I am now well into the final phase of race-specific preparation for the Robin Hood half marathon in September. I have added two sessions per week of moderately high intensity training, such as intervals or a tempo run, while making a slight reduction in over-all training volume relative to the base-building phase that was dominated by low intensity running. My most recent sub-maximal tests show no improvement in beats/Km over the past month. Perhaps this is a realistic indication that my fitness has peaked – though well below my target level. However there is an alternative explanation. This brings us back to a long-standing debate: does anaerobic training damage aerobic fitness?

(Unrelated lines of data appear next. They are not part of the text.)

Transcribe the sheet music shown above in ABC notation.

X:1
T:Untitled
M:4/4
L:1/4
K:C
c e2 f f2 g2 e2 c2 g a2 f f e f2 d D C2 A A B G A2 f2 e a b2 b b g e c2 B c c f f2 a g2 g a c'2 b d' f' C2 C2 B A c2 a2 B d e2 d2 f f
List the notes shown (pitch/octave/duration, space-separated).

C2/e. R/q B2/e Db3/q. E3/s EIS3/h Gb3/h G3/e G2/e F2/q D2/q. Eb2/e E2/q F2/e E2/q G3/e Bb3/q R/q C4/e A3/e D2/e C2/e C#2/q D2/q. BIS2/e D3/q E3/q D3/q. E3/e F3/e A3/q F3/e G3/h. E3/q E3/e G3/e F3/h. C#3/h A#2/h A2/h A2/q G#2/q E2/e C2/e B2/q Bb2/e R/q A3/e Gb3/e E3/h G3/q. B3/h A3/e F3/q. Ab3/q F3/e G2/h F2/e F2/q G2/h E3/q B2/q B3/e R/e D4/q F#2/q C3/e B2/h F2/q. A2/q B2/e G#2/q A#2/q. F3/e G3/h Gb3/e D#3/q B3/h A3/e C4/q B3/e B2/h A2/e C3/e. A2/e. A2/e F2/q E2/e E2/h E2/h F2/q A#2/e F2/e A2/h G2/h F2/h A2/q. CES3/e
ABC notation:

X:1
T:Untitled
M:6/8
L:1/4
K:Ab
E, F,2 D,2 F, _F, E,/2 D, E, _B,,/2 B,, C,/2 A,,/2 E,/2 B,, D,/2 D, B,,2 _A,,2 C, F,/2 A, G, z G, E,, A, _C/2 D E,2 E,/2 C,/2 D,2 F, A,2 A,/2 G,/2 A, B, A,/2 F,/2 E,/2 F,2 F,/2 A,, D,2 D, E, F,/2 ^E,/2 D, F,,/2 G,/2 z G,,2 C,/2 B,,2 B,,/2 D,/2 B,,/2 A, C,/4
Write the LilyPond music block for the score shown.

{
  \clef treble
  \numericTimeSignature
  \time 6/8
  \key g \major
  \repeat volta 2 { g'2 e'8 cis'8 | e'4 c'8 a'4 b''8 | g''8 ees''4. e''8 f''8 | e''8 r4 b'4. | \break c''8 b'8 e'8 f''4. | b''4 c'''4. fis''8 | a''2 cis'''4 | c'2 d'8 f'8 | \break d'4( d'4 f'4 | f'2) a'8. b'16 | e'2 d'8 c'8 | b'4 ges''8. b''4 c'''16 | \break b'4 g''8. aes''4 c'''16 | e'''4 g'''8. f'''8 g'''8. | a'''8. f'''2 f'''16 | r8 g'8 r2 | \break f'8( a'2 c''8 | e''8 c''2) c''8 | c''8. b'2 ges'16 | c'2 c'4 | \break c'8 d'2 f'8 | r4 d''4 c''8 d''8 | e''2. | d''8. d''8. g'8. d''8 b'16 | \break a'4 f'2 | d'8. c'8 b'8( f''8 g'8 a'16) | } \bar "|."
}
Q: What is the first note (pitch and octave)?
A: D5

There is at least one circumstance in which this is unequivocally true – the state of over-training which I will address in my next post, but at present, testing provides no evidence that I am over-trained. I hope that the current apparent stasis in development of aerobic fitness is actually a sign of continuing improvement in race fitness. The explanation demands laying bare some of the misconceptions that surround the concept of anaerobic fitness. But first it is necessary to review the much better understood concept of aerobic fitness
Aerobic fitness is the capacity to fuel muscle contraction by means of the combustion of fuel – either glucose or fat – in the presence of oxygen, to produce carbon dioxide while transferring chemical energy to create high energy phosphate bonds in molecules of adenosine triphosphate (ATP), which in turn fuels muscle contraction. The key steps of this process of oxidative metabolism occur in mitochondria within muscle cells, especially in slow twitch muscle fibres which are capable of generating a modest power output by repeated contraction over a period of hours, before they become fatigued. The three major physiological adaptations that are required to establish aerobic fitness are increase in mitochondrial oxidative enzymes, increase in the density of capillaries delivering oxygenated blood to the muscle cells, and increased pumping capacity of the heart. As was first clearly demonstrated by Arthur Lydiard , often described as the ‘father of jogging’ but also coach of Olympic champions including Peter Snell, gold medallist at 800m in Rome and at 800m and 1500m in Tokyo, aerobic fitness can be established by a large volume of low intensity running. However it should also be noted that at least some aspects of aerobic fitness, especially the development of mitochondrial oxidative enzymes, can also be enhanced by high intensity interval training, as clearly demonstrated by Martin Gibala and colleagues, at McMaster University in Ontario.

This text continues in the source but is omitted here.